Earning sweet success at the Downieville Classic
Ask pretty much any mountain bike racer about the Downieville Classic, and they’ll speak only to its elusive qualities.
Maybe it’s the challenge of the difficult course, both ascending and descending, the need to get revenge on a previous year’s mechanical failure, or just the dust-and-beer heavy air at the finish.
It’s a special race ” but winning it is almost otherworldly.
More than 700 racers competed Saturday in the sold-out two-day festival, which featured a 29-mile point-to-point cross country race with a 4,413-foot ascent followed by a 5,692-foot descent. The main event, Sunday’s Downieville Downhill, featured 5,333 feet of descent and 1,010 feet of climbing.
Among the riders looking for that fleeting moment was Conrad Snover of Truckee, who did manage to take the men’s single-speed division with a time of 2:16.57.
“Downieville is one of the small number of epic races in California,” Snover said. “It’s a super hard, raw mountain bike race. It’s a unique course because it’s straight up, straight down and very technical. But it also has a real festival feel; they close off the streets, you can drink beer afterwards, have fajitas cooked by Chris King and go jump in the river.”
Snover was one of four racers competing on the Truckee-based Cyclepaths/Wild Cherries team at Downieville. Matt Chappell, also from Truckee, placed seventh in the expert men’s 19-35 division with a time of 2:25.28. Justin Thomas of Reno won the men’s pro cross country race with a time of 2:06.11.5, and Forrest Huisman of Reno placed sixth in the single-speed division with a time of 2:30.01.7.
“All four of us had such good results,” Snover said. “I like to joke that we’re all a bunch of ‘has beens’ who used to race seriously, but now we try to focus on having fun and we’re racing well.”
Preparing for the race with the team led to Snover’s success, he said.
“It was very satisfying, a major accomplishment,” Snover said after the race.
Snover, who said he has been bike racing since he was a child, started competing in single-speed events because it was different.
“It makes the same trails fun again,” he said. “You work on momentum and not using your brakes. There’s also a lot of weight on equipment choices.”
Race tactics include picking the right gear to use for the eight-mile climb on exposed fire road, trying to draft off a geared rider on the flat-ish fire road sections and coasting on the downhills. What makes it challenging is riding a hardtail on the loose, rocky descents.
What also makes competing in the division fun is the type of racer it attracts, Snover said.
“It’s a more laid back group,” he said. “Everyone’s friendly and supportive.”
Mario Gallardo of Incline Village, who won the men’s 35-44 expert race with a time of 2:16.58, was equally reverent about the Downieville Downhill.

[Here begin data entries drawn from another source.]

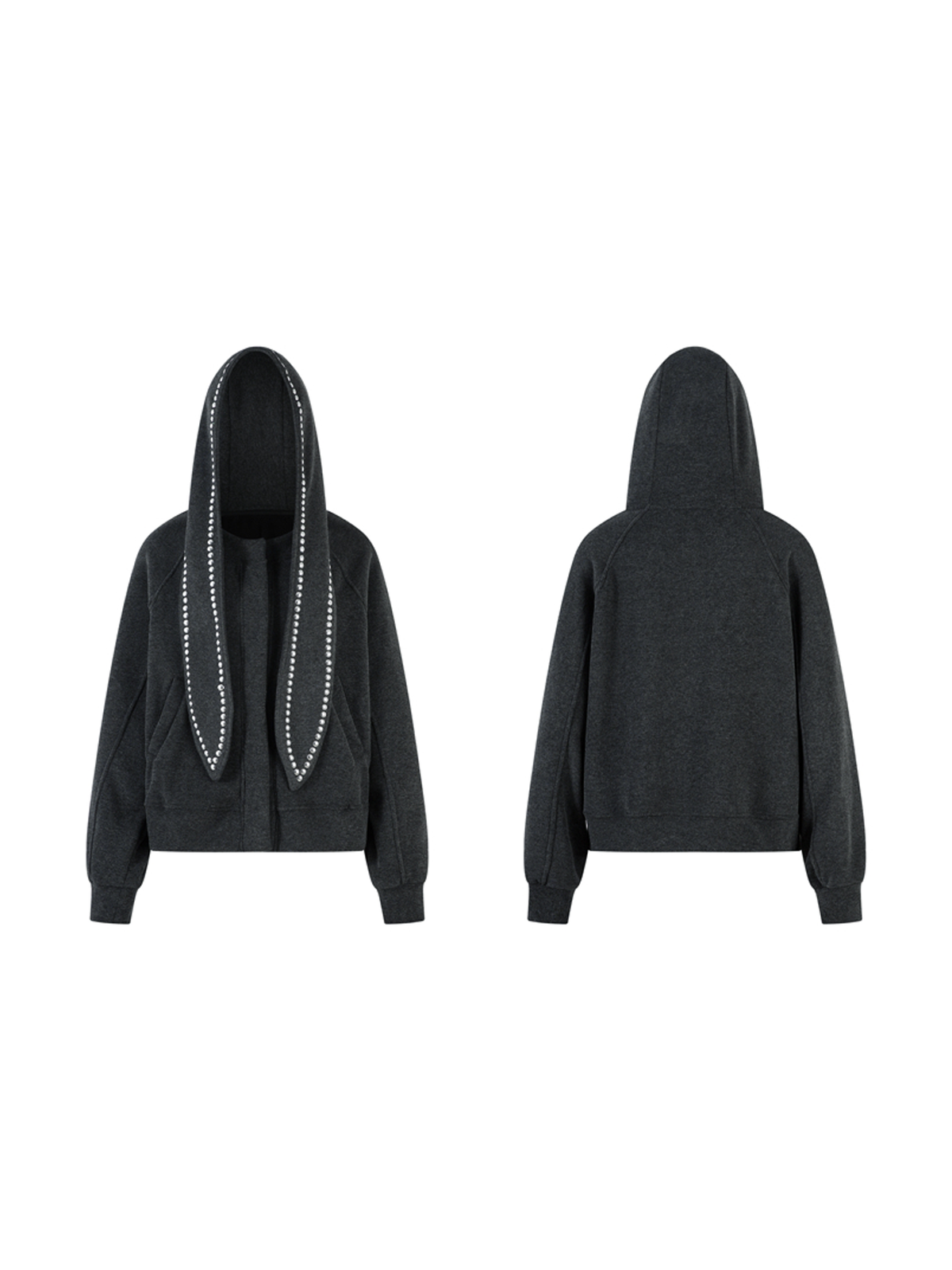 Ace Jolun. Studded Bunny-Ear Cropped Hoodie product image 1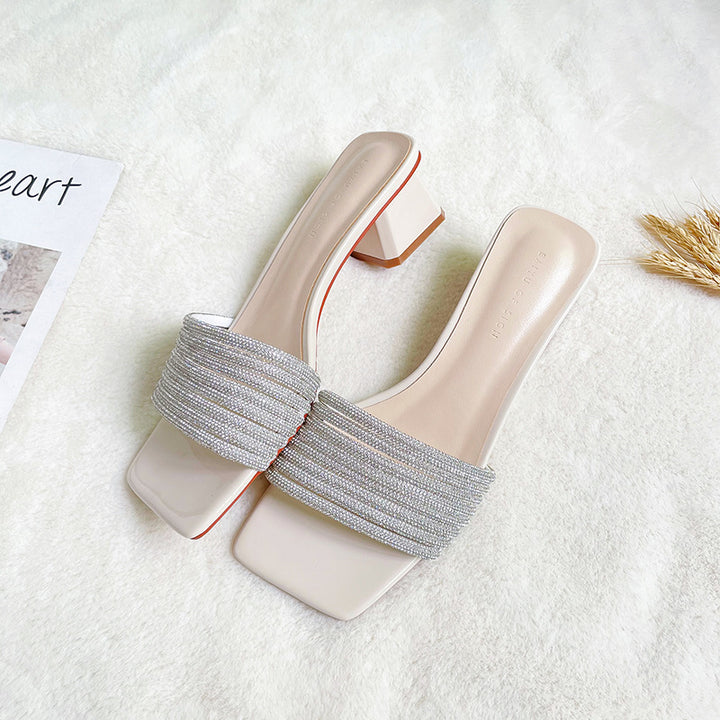 Femme Strass-dekoreret Blokhæl Slide Sandaler Stilla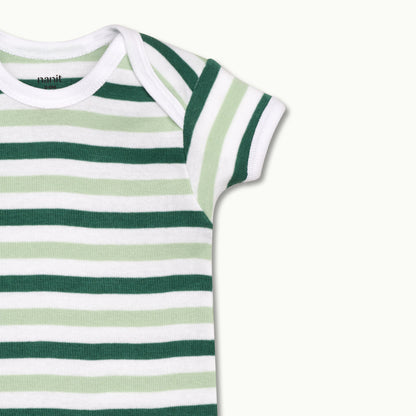 zoomed in on expandable lap shoulder neckline for easy on/off on short sleeve bodysuit spruce green stripe 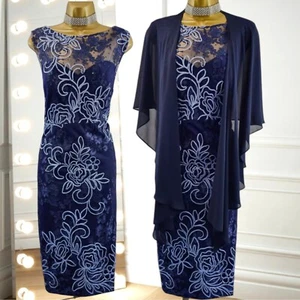 Veni Infantino Größe 18 neu mit Etikett marineblau Spitzenkleid und Schal Brautmutter Outfit - Bild 1 von 9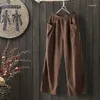 Kvinnors byxor 2024 Vintage Corduroy byxor Hösten lång avslappnad elastisk midja lös pantalon palazzo kvinnlig chic rovor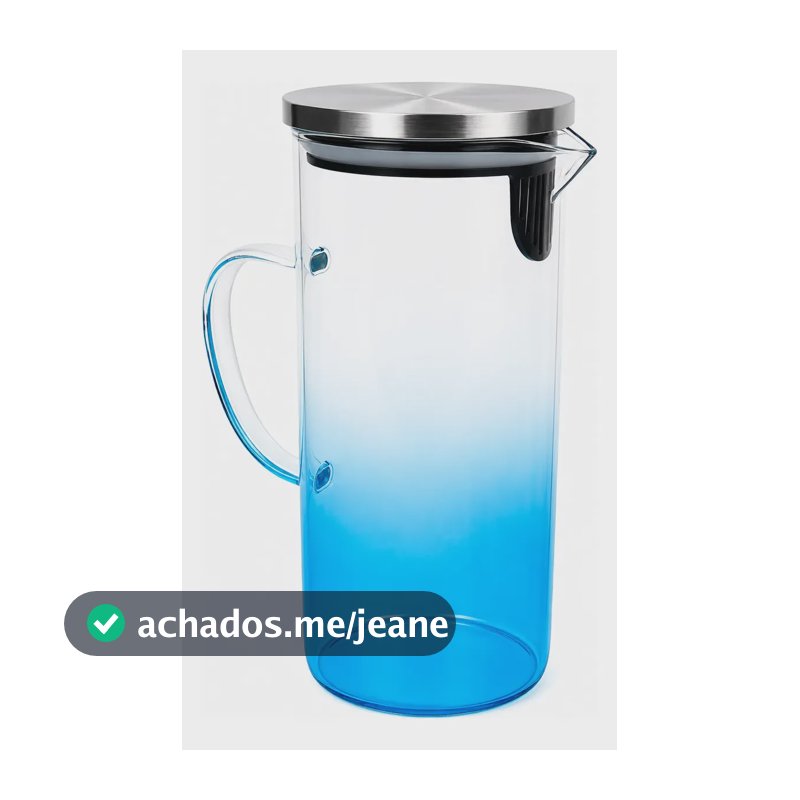 Jarra De Vidro Borossilicato 1,5l Tampa Inox Silicone Azul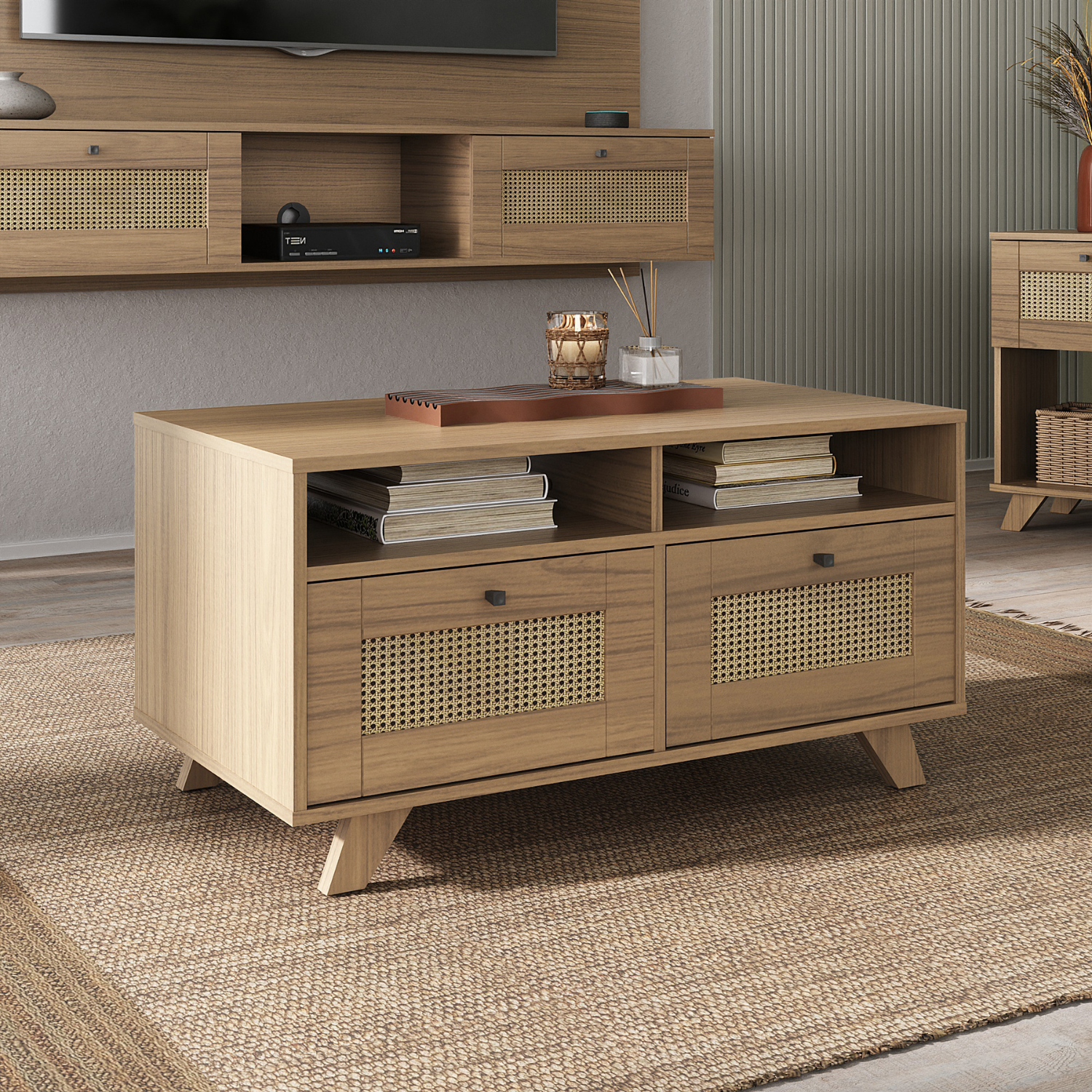 Mesa Centro 2 Cajones 91x46x50 cm Trama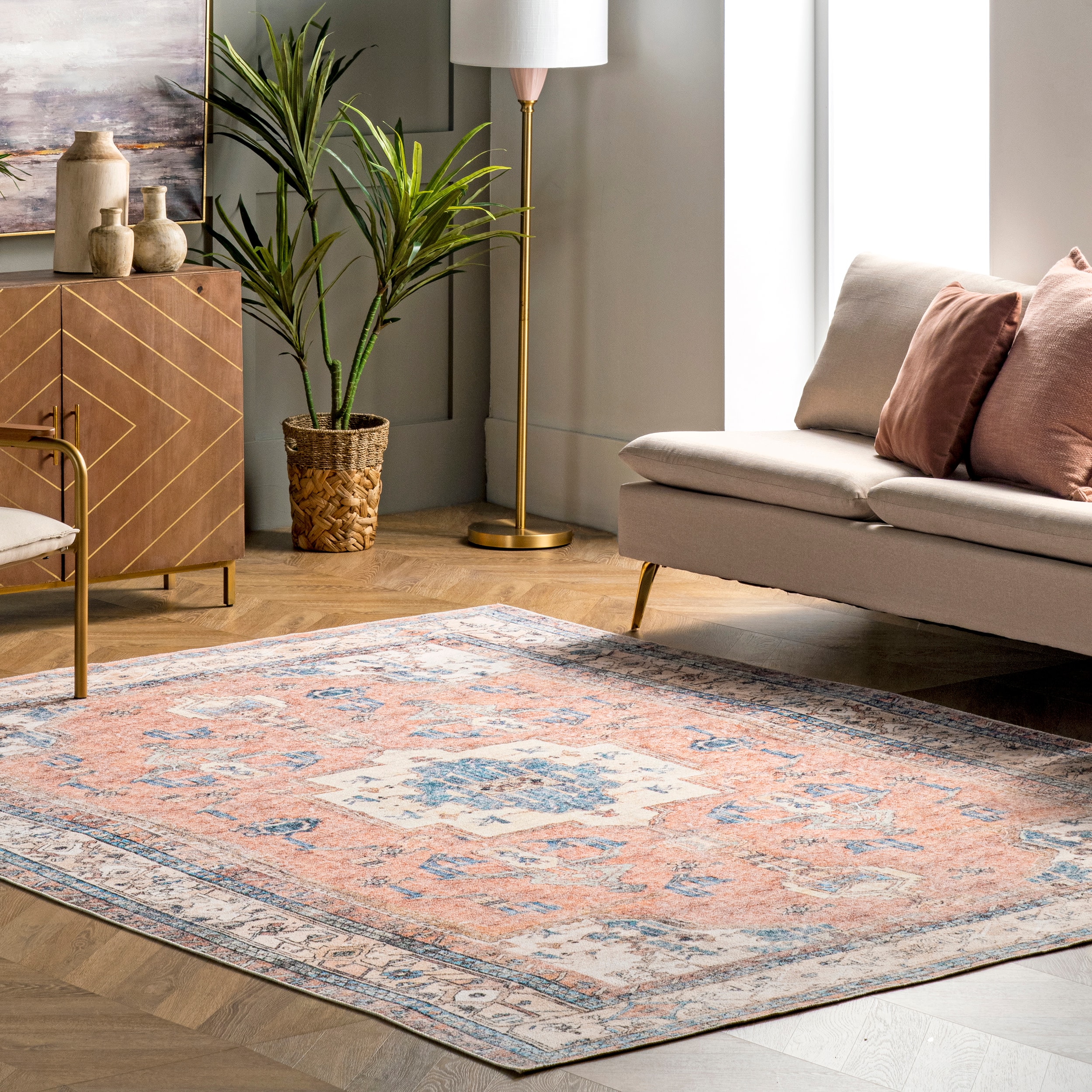 nuLOOM HJAU18A-508 Aurora 5 x 8 (ft) Loomed Polyester Multi Rectangular Indoor Medallion Machine washable Area rug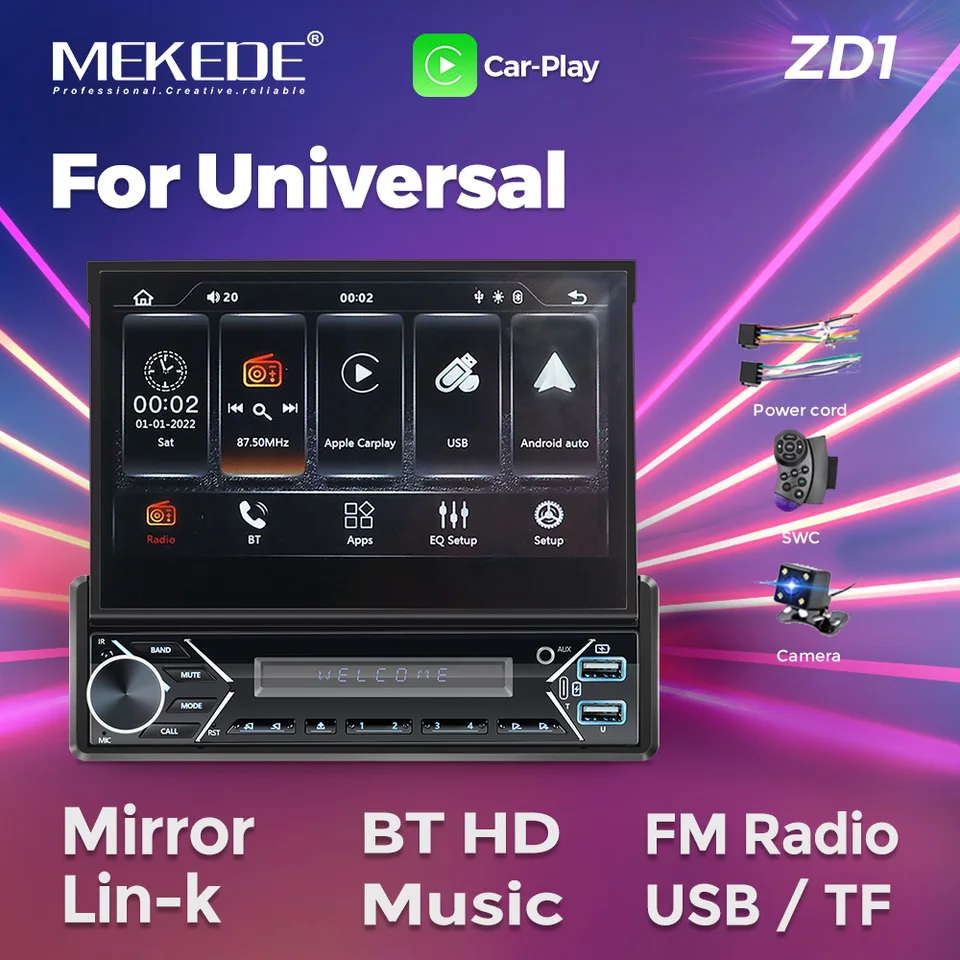 Universal 7 ”IPS stiahnuteľná obrazovka 1 DIN Car Radio Android CarPlay Auto GPS navigácia 1Din Android Car Multimedia Video Player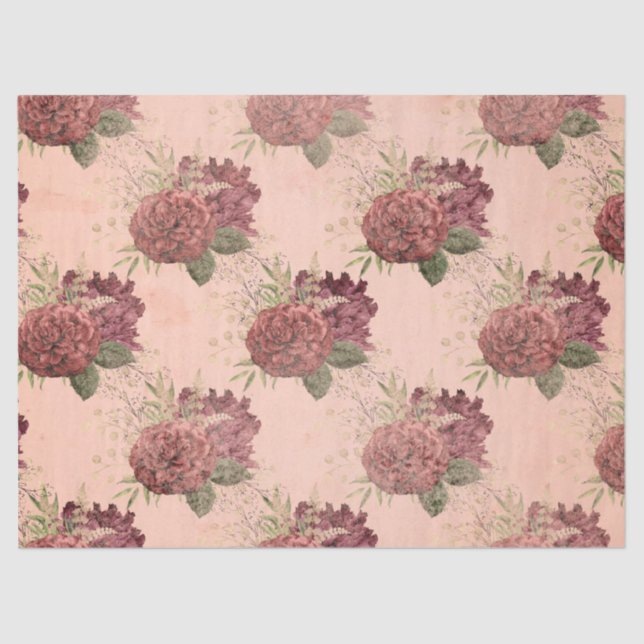 Papier Mousseline Shabby Floral Peach Series Design 11 (Recto)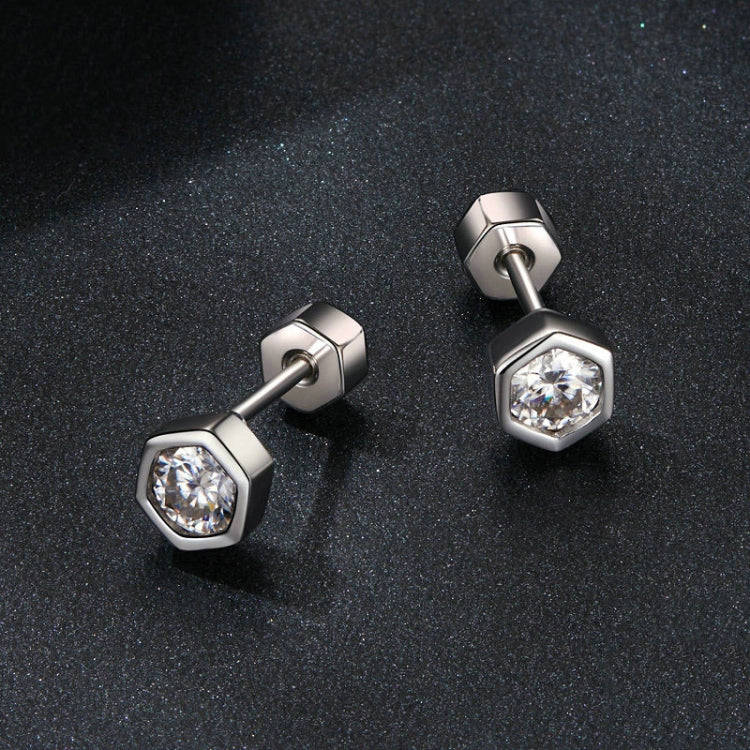 S925 Sterling Silver Plated With Platinum Shining Moissanite Hexagonal Earrings(MSE063)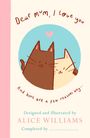 „Dear mum, I love you. And here are a few reasons why…“ Illustration mit zwei Katzen, eines braun, das andere beige, in einem blauen Kreis.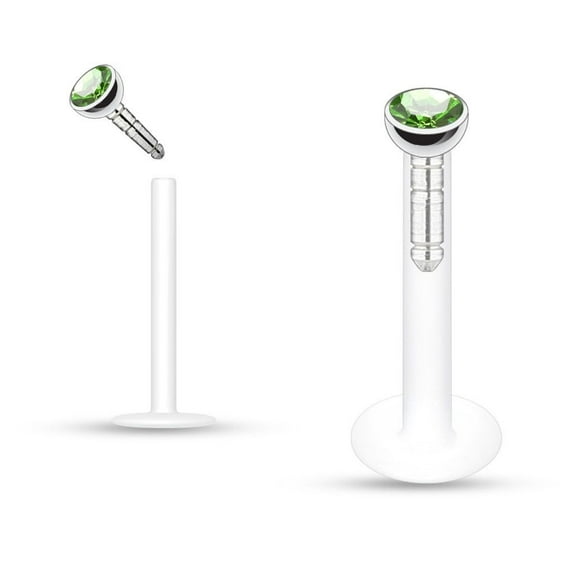 Push-in Labret Monroe with Press Fit Gem Stone 16GA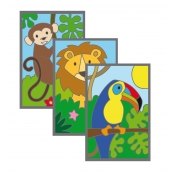 Cartes à gratter 10x15 cm La jungle 3 pièces Activités manuelles Enfant
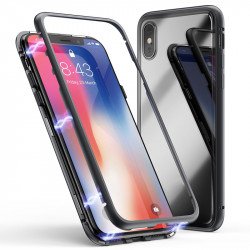 Apple iPhone XS / X Fully Protective Magnetic Absorption Technology Transparent Clear Case (Black)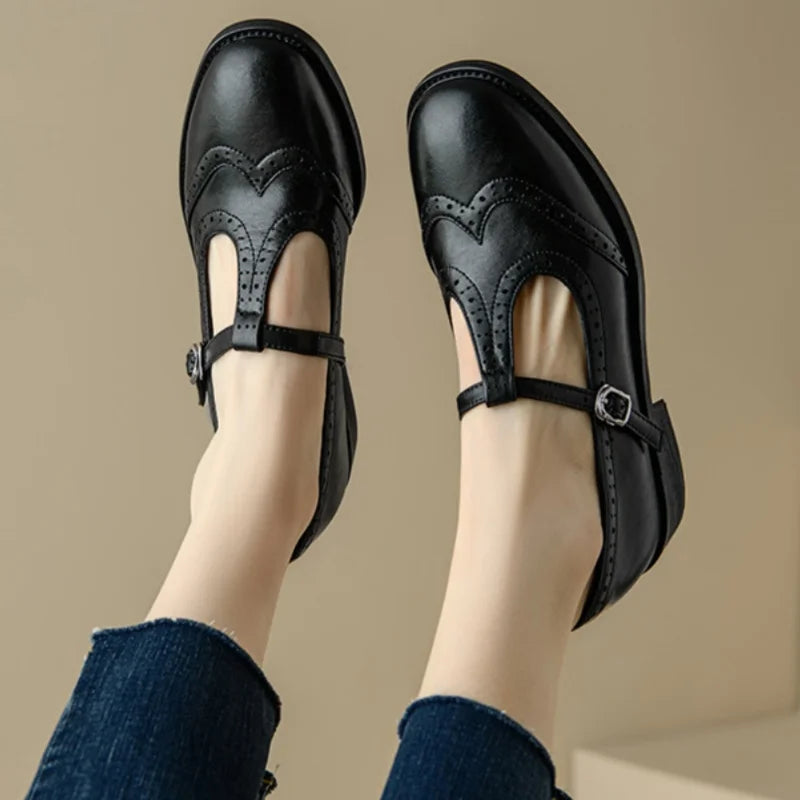 Vivian - Chaussures Mary Jane à bride en T et boucle à talon bloc bas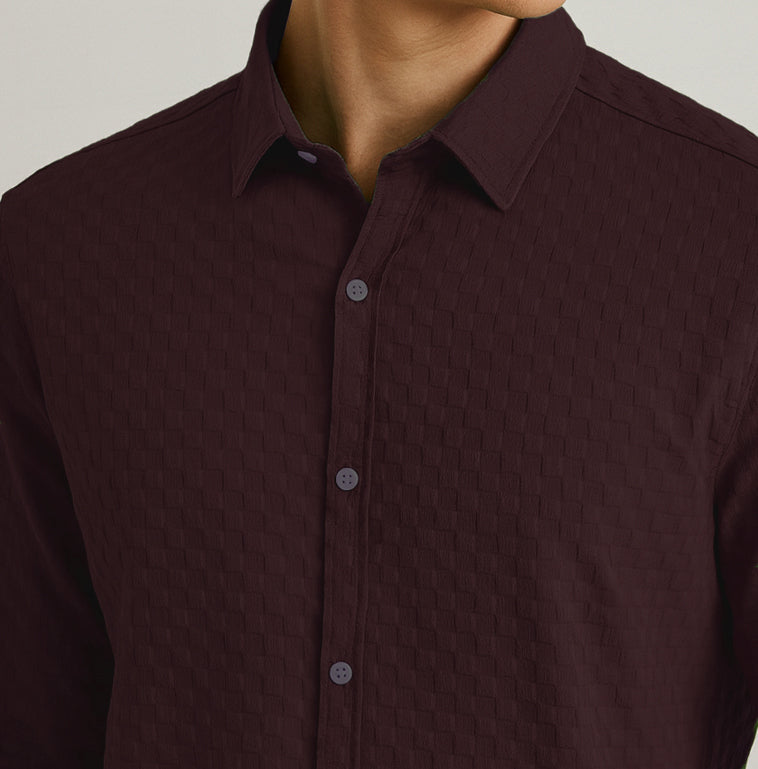 Wine Popcorn Fabric Shirt for Mens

“It’s the hardest mountain bike race in the country, harder than (mountain bike) nationals,” Gallardo said. “The last true mountain bike race.”
A 13-year veteran of the race, Gallardo said he could not believe it when he won his division for the first time Saturday.
“I was keeping my fingers crossed on Baby Heads. There were so many guys, I was ripping through some really rocky sections but held it together,” he said.
The race came down to a four-man sprint to the finish, where Gallardo edged out fellow Incline racer Scott Vaughan by 35 seconds.
“I was breathless,” Gallardo said when he found out he had won. “I’m so stoked to win that thing. I’ve always dreamed of winning Downieville.”